Required work:
Begin your copy at the line with "4 bedrooms House" in the records below and end it at the line with "Meghan y Harry", restating each line word for word; omit the pictures.
==== Given records
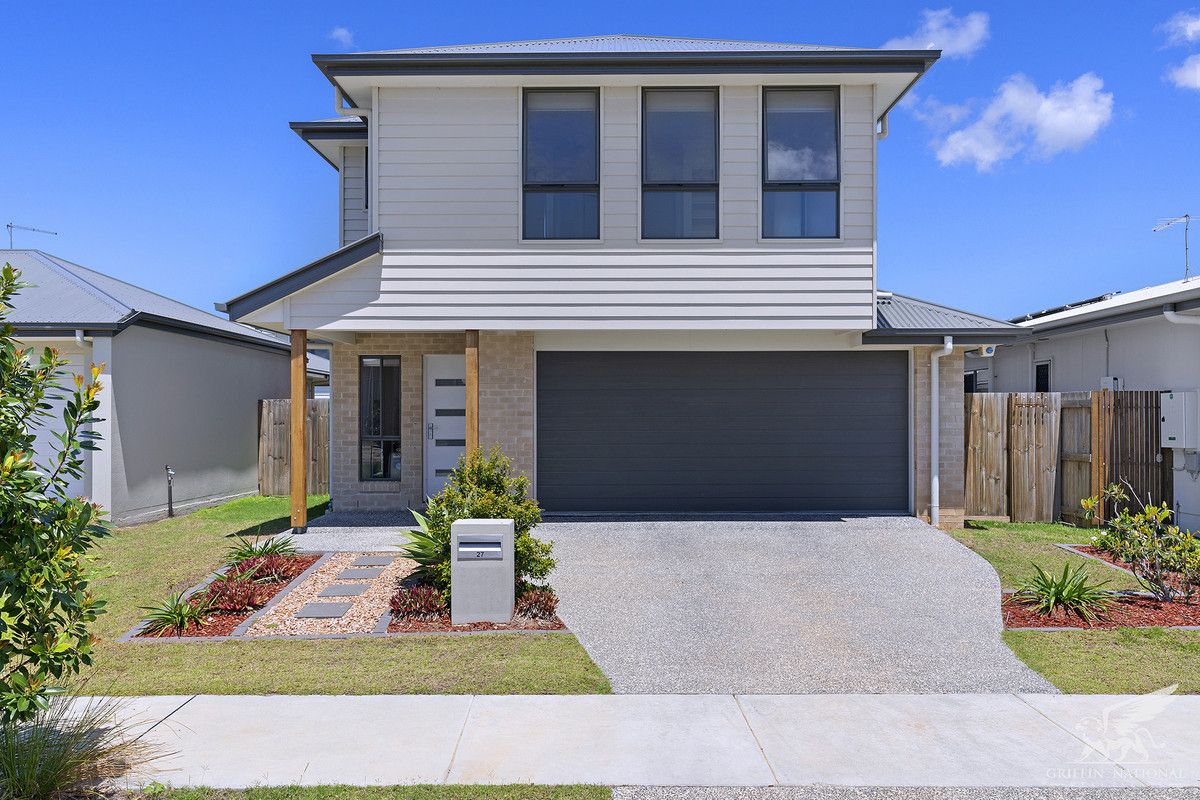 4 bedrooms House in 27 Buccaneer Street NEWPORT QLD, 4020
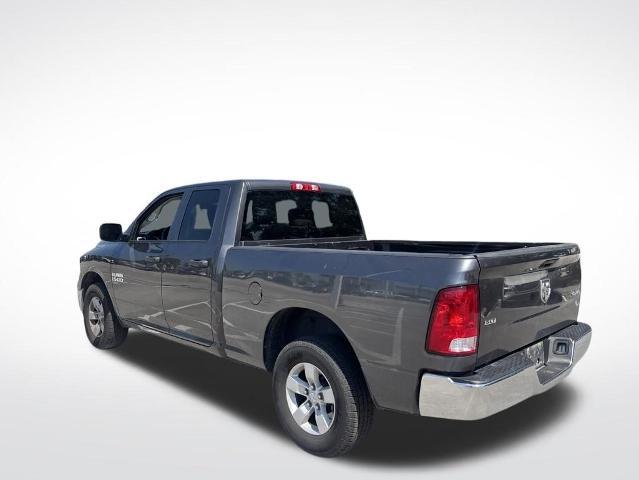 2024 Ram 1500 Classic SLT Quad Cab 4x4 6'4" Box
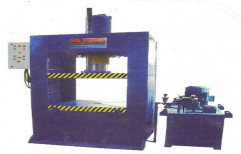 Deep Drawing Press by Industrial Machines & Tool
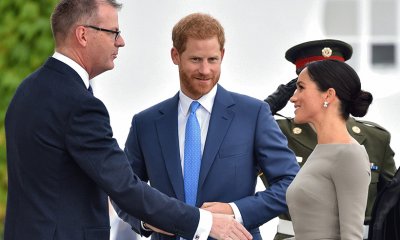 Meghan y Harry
========
==== Given records
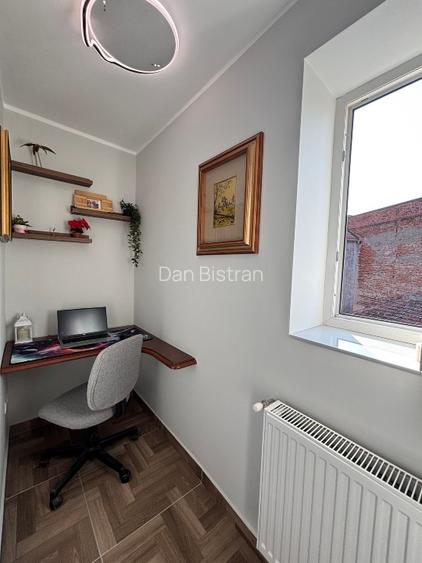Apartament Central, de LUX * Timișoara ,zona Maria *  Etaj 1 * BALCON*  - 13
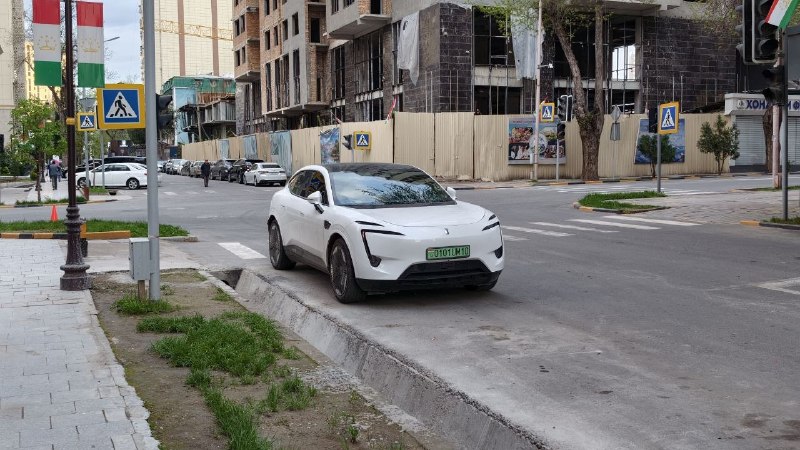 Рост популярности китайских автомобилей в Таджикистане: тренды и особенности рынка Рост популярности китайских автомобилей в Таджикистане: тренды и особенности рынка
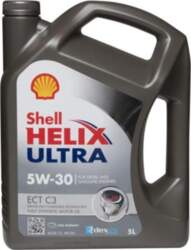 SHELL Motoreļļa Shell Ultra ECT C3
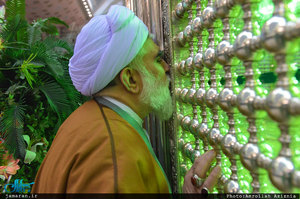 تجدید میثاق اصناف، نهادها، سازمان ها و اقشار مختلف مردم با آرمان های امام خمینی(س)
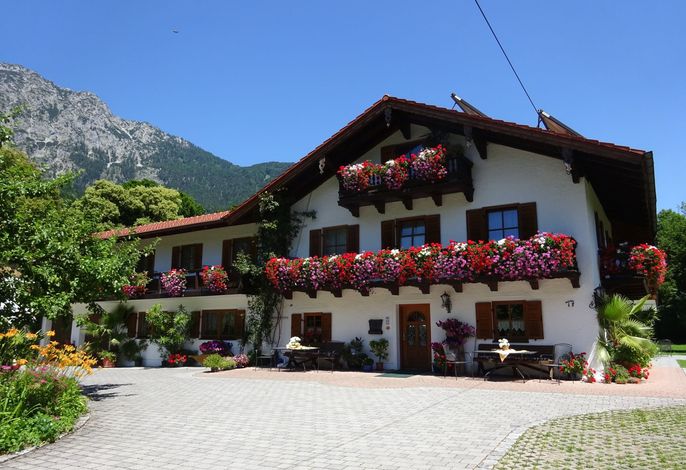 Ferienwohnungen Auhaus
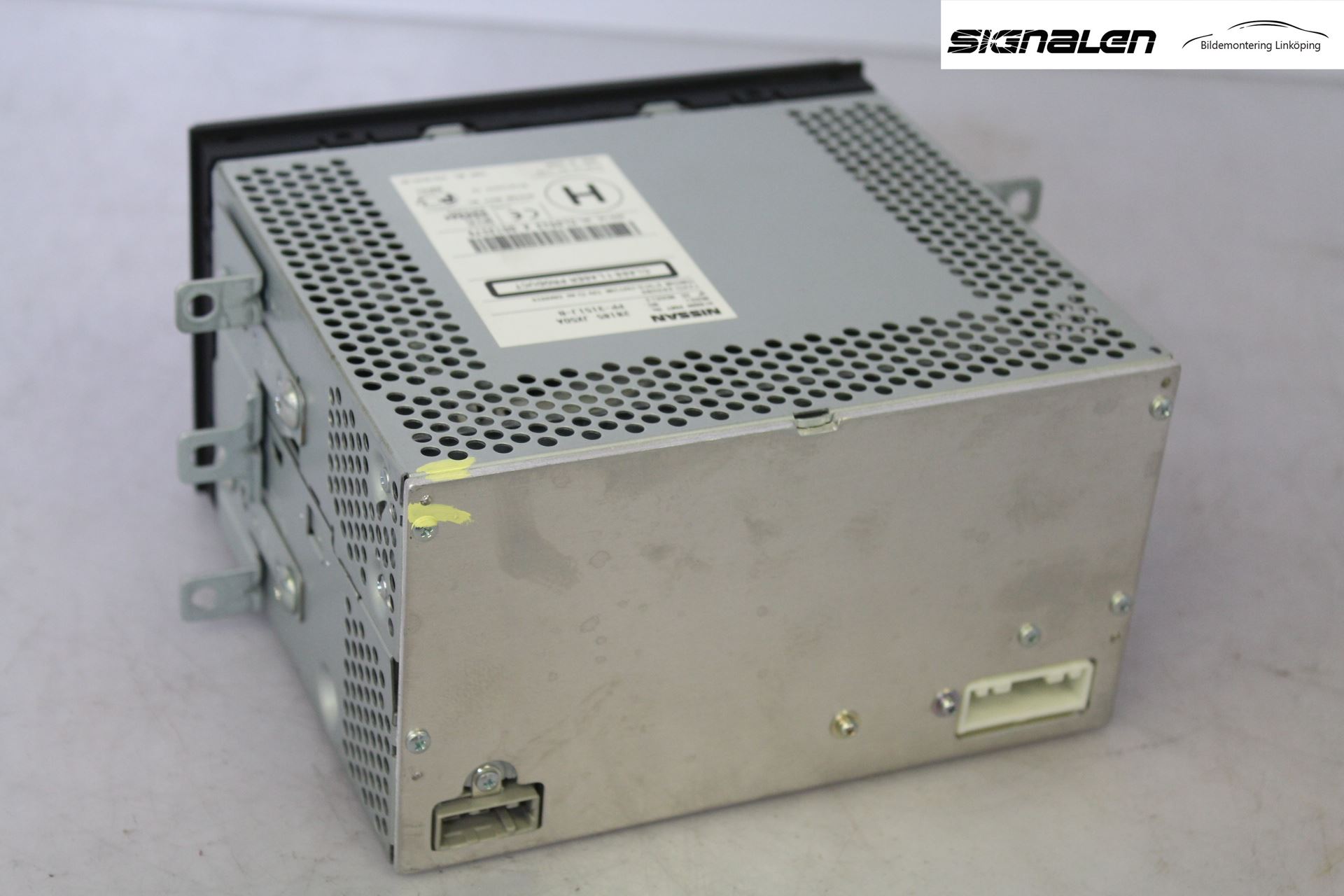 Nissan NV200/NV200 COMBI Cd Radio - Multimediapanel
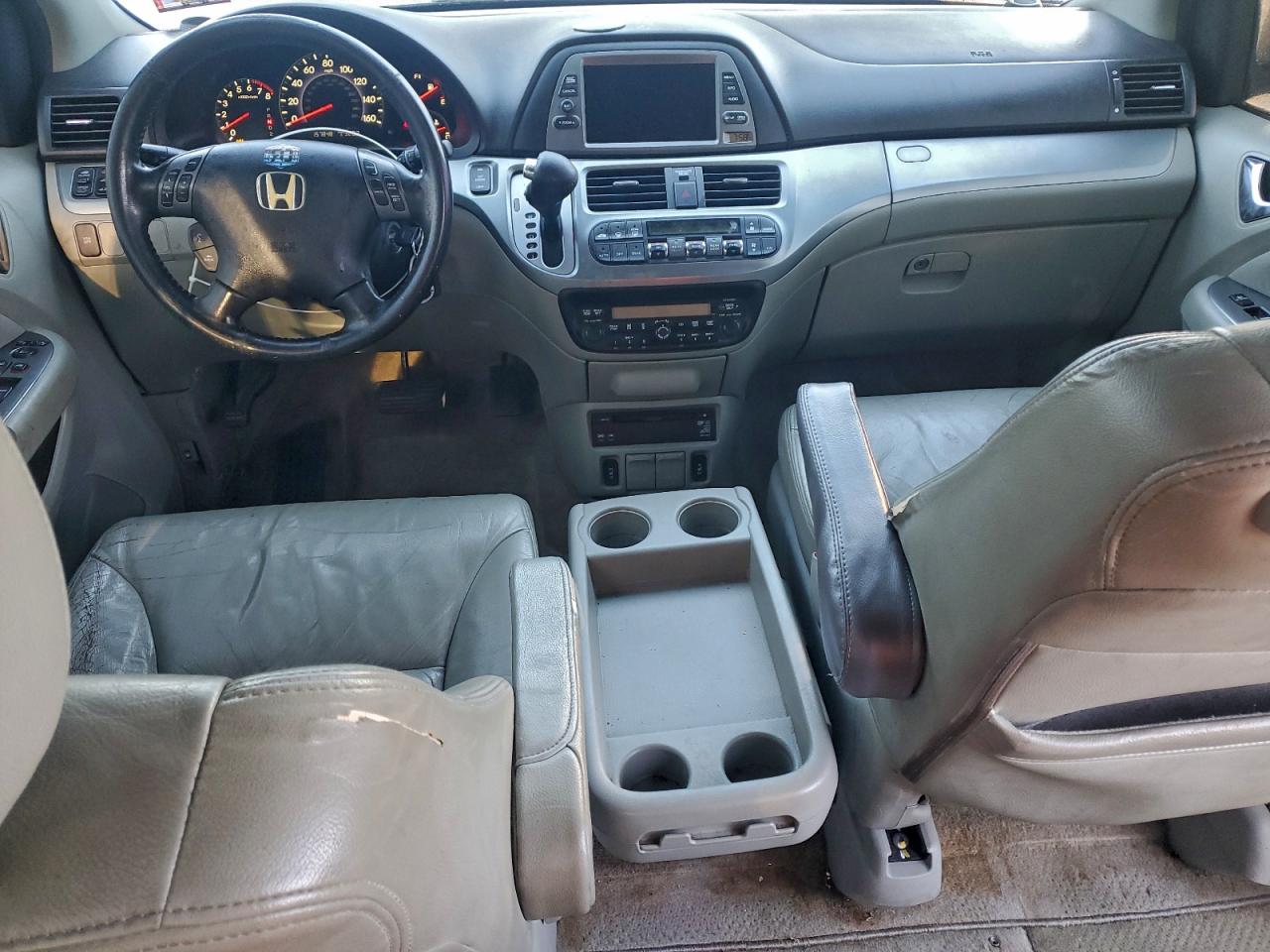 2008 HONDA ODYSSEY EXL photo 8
========
Written reply:
 4 bedrooms House in 27 Buccaneer Street NEWPORT QLD, 4020
 2024 Ram 1500 Classic SLT Quad Cab 4x4 6'4" Box
 Deep Drawing Press by Industrial Machines & Tool
 Meghan y Harry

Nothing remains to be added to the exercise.